8. In the facts of the present case, the appellant insurance company has duly proved on record to show that Shri Rohtash, driver of the offending vehicle i.e., respondent No. 1 was in possession of a fake driving license. The moot question which would arise is that once the insurance company has discharged its onus of proving the said fact of the driver not holding a valid driving license or that the driver was in possession of a fake license then still the insurer can be deprived from claiming the recovery rights from the insured.

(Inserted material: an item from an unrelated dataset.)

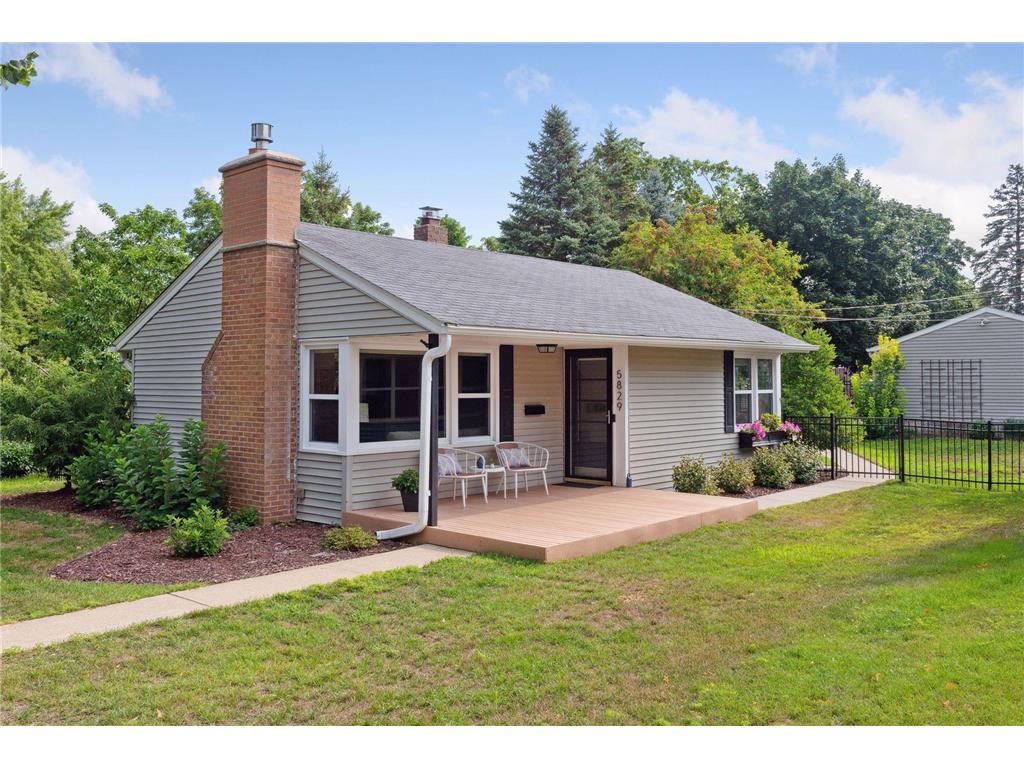 5829 Queen Avenue S Minneapolis MN 55410 6407458 image1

9. In catena of judgments the Hon'ble Supreme Court has taken a view that it is only when in the evidence it is proved that the owner had no knowledge about the said fake license being in possession of the driver of the offending vehicle, then the owner cannot be held liable to satisfy the award. However, the question arises that in a case where the owner of the offending vehicle does not choose to contest the case and enter the witness box to depose the said fact then, can the insured still be held liable to satisfy the award without even giving the insurer the recovery rights. In my considered view, in a case where the insurer is able to satisfy the court that either there is no license or the license is fake one or the license was not valid as on the date of the accident then in the absence of any evidence from the side of the owner to plead and prove ignorance on his part about such a fact, the insurer of the vehicle cannot be deprived of the recovery rights to ultimately claim the award amount from the owner of the offending vehicle. Non appearance of the owner and driver of the offending vehicle and lack of any evidence on their part has to be at their peril and not at the peril of the insurer of the vehicle.

10. In the matter of Narcinva v. Kamat and Ors. (Supra), as relied upon by the counsel for the respondent the facts were totally dissimilar, as in that case not an iota of evidence was led by the insurance company to prove that the driver did not possess the valid driving license to drive the vehicle. In such case the Apex Court has held that the insurance company has failed to prove that there was a breach of terms of the contract of the insurance. The said judgment cited by the counsel for the respondent can be of no help to him in the facts and circumstances of the instant case. The other judgments as cited by the counsel for the respondent are also not applicable to the facts and circumstances of the present case.

11. In the light of the above discussion, the present appeal is allowed limited to the extent of the finding of the Tribunal denying the appellant recovery rights to recover the award amount from the owner of the offending vehicle. The appellant being the insurer of the offending vehicle is allowed to recover the award amount from the respondent owner of the offending vehicle.

12. With these directions, appeal stands disposed of.